Panel Paper:
Understanding How Information Affects Loan Aversion Among High School Seniors
*Names in bold indicate Presenter
A large portion of loan averse students might be unwilling to borrow because of the risk associated with the inability to repay the loan balance after leaving higher education. Forms of income based repayment dramatically reduce that risk by basing monthly payments on the borrower’s current income rather than the loan balance. Unfortunately, few students take advantage of this option when entering repayment. In 2014 only 20% of borrowers entering repayment enrolled in income-based plans (College Board, 2015).
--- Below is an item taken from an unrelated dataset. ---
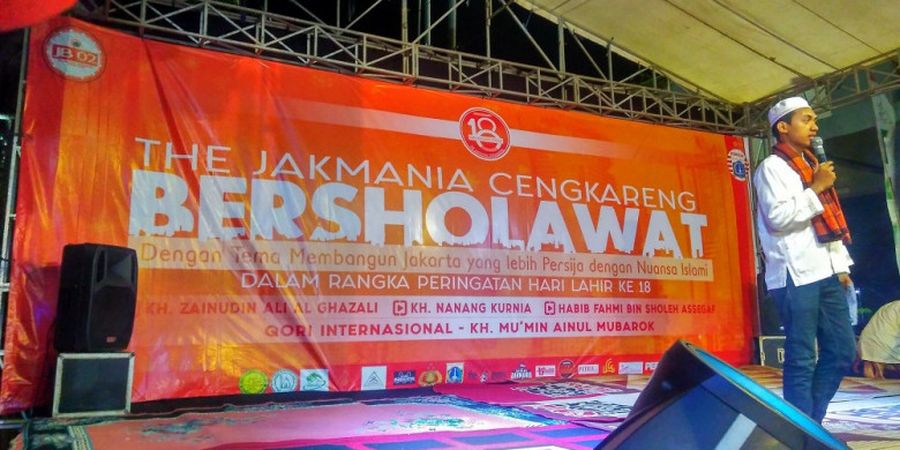 Selain Bersalawat, Jakmania Cengkareng Juga Lakukan Hal Ini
The purpose of the study is to determine how information about loans and income based repayment may affect high school seniors’ attitudes about borrowing for higher education.
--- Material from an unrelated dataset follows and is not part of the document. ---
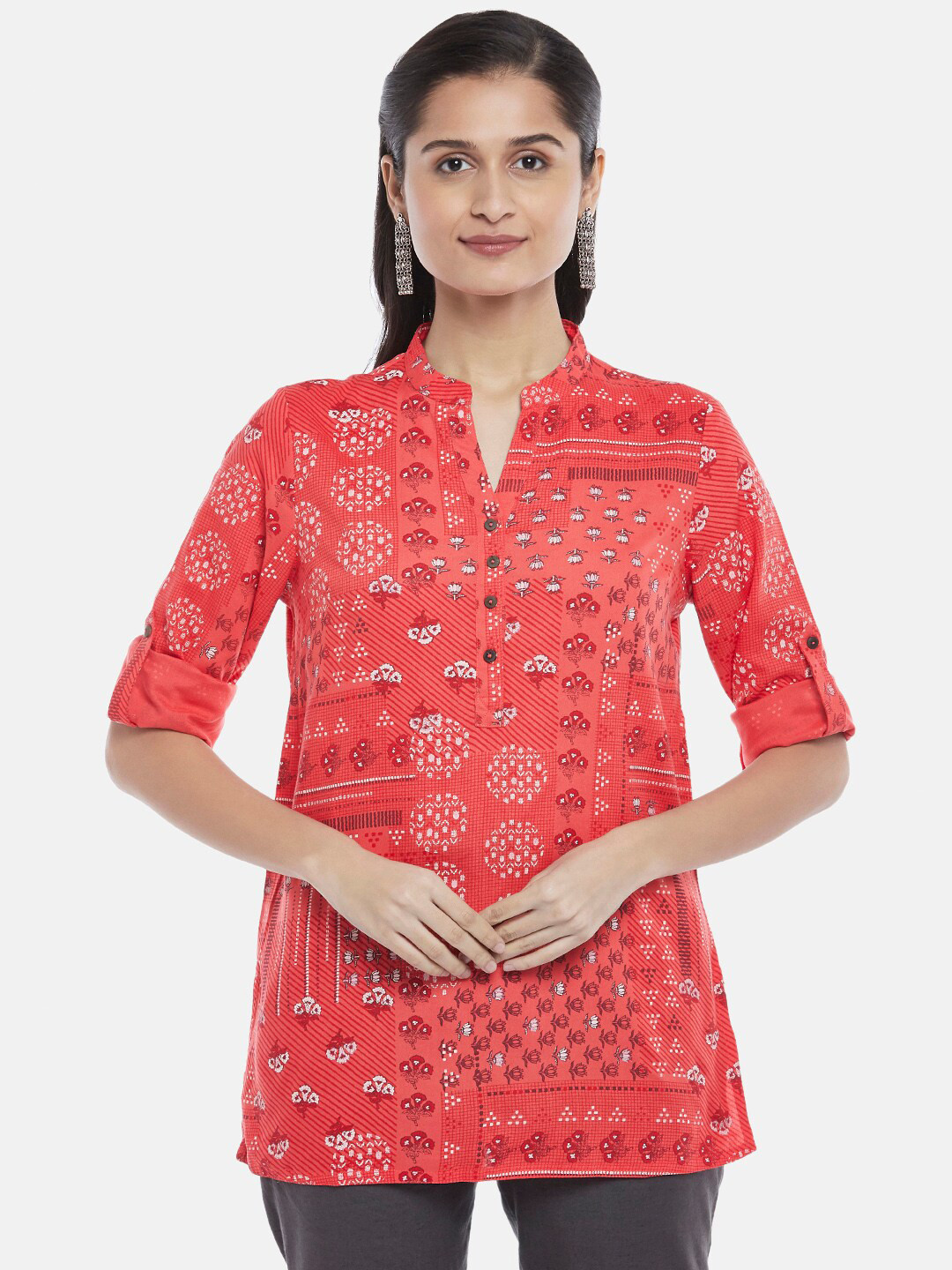 

AKKRITI BY PANTALOONS Pink & White Viscose Rayon Mandarin Collar Printed Tunic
We employ a clustered randomized control trial in six diverse high schools in Jefferson County, Louisville, Kentucky to identify the effect of loan and repayment information on borrowing attitudes and perceptions. The information treatment is watching a 4-5 minute video in a classroom during the school day that explains the features and advantages of federal student loans and income based repayment. The control condition is watching a 4-5 minute video that explains how to read a financial aid award letter, which is theoretically neutral on student loans. The loan attitude outcomes are recorded via a ten minute paper survey with several measures of loan aversion and questions about financial aid and loan knowledge. Randomization was conducted at the classroom level within each high school such that an equal number of classrooms received the treatment and control conditions. Approximately 650 high school seniors participated in the experiment over the course of three days during January 2016. Data collection is complete.
Results of this study will suggest whether information on income based repayment can mitigate loan aversion. If the results are positive, it suggests providing information on income based repayment options at the time of the borrowing decision is vital to improving college access to low- and middle-income populations who are averse to borrowing due to the risk of being able to repay the loans.